We are trying to create a Cloud Dataflow pipeline to do a simple work count on any kind of text file. We’ll be using a wordcount function that is included in the apache_beam SDK package. It basically takes any text file and parse each lines into words, then perform a word frequency count.
Prerequisites:
- Enable the Dataflow, Compute Engine, Cloud Logging, Cloud Storage, Google Cloud Storage JSON, BigQuery, Cloud Pub/Sub, Cloud Datastore, and Cloud Resource Manager APIs
- Create a new Cloud Storage bucket
We’re going to use the Cloud Shell to create the pipeline so no need to set up a virtual environment
1. Get Apache BEAM SDK
Install python wheel
pip install wheel
Install latest BEAM SDK
pip install 'apache-beam[gcp]'
2. Run the pipeline locally in Cloud Shell to test
python -m apache_beam.examples.wordcount \ --output output-test
Click ‘Authorize’ when asked by Cloud shell. The code by default run the word count on the Shakespeare’s play King Lear. After the run is finished we should see a output-test file created in our directory.

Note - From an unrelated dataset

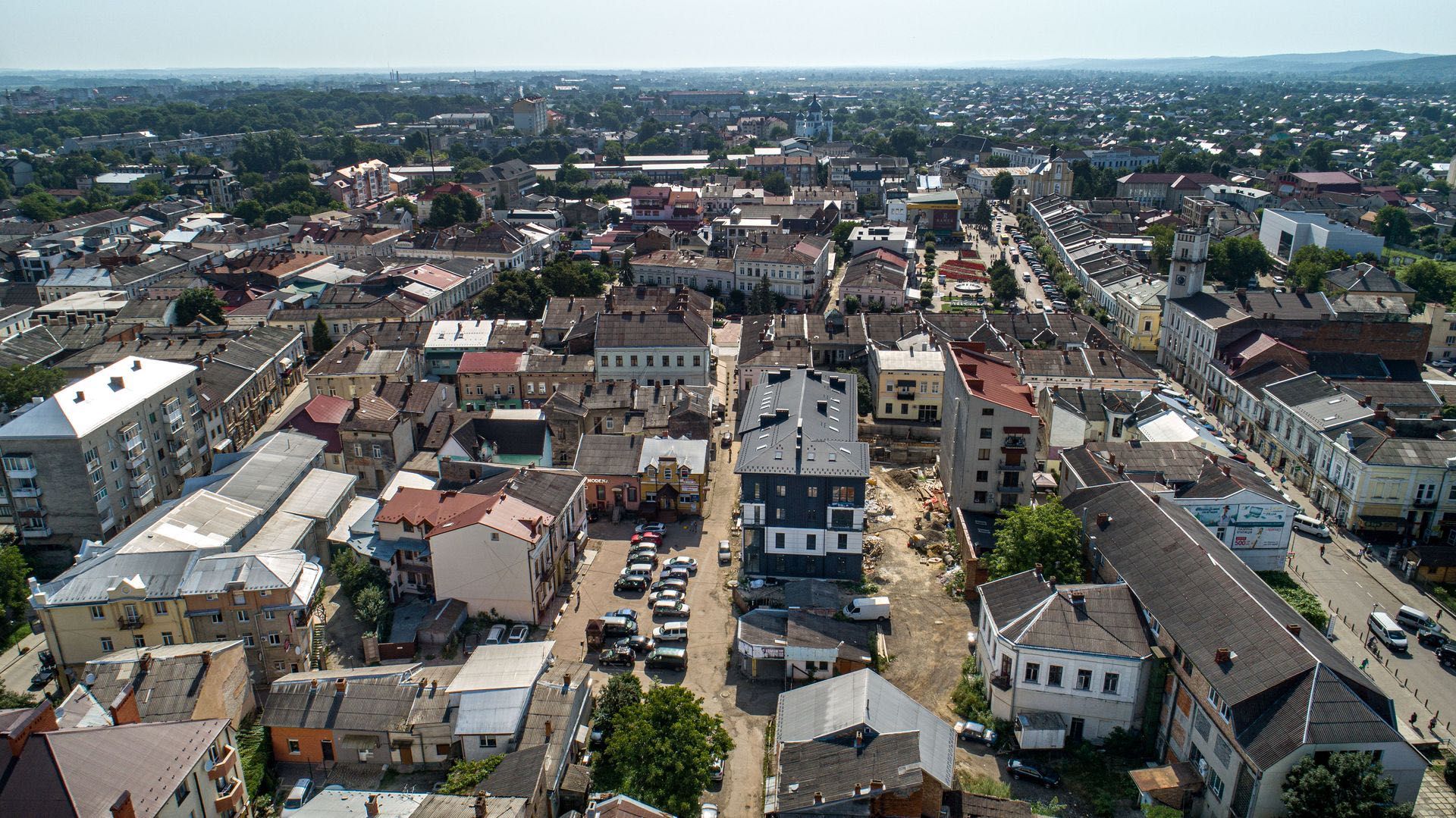 Комерційне приміщення  в центрі.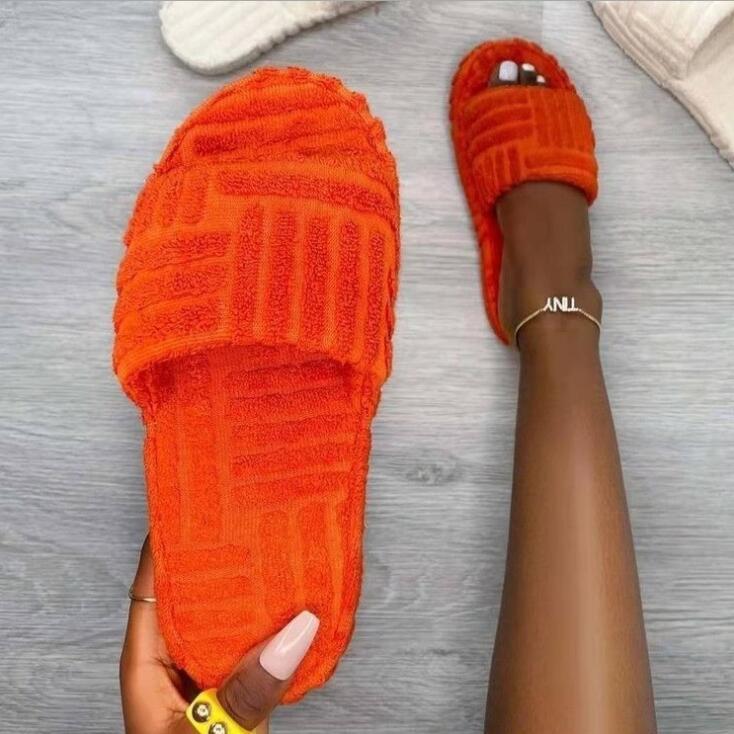Terry Slide Slippers – Maze Weave Edition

Use `vim output*` to view the output file you’ll see it counts the words appearance and list it out in the file.
3. Run the pipeline on Dataflow service
For demonstration, we are counting words from another Shakespeare’s play Macbeth. Enter the following code to your Cloud console.
python -m apache_beam.examples.wordcount \ --region asia-east2 \ --input gs://dataflow-samples/shakespeare/macbeth.txt \ --output gs://bucket-for-quickstart-gary/results/outputs \ --runner DataflowRunner \ --project gary-yiu-001 \ --temp_location gs://bucket-for-quickstart-gary/tmp/
Google cloud will then create the Dataflow job and the necessary resources to run the job. Go to Airflow from drop down menu, we can see our Dataflow job was created.
Click into the job name, we can see the details and each stage of the job. Also the resources that are being used are displayed.
After the job is done, we’ll get the following message in the Cloud console. We can go ahead to our bucket to see the output of the job.
Copy the output text files to our Cloud console to take a look of the content
gsutil cp gs://bucket-for-quickstart-gary/results/* . vim outputs-00001-of-00003
Now we can confirmed we successfully built our Dataflow pipeline 😀 Remember to delete our bucket to avoid unnecessary cost.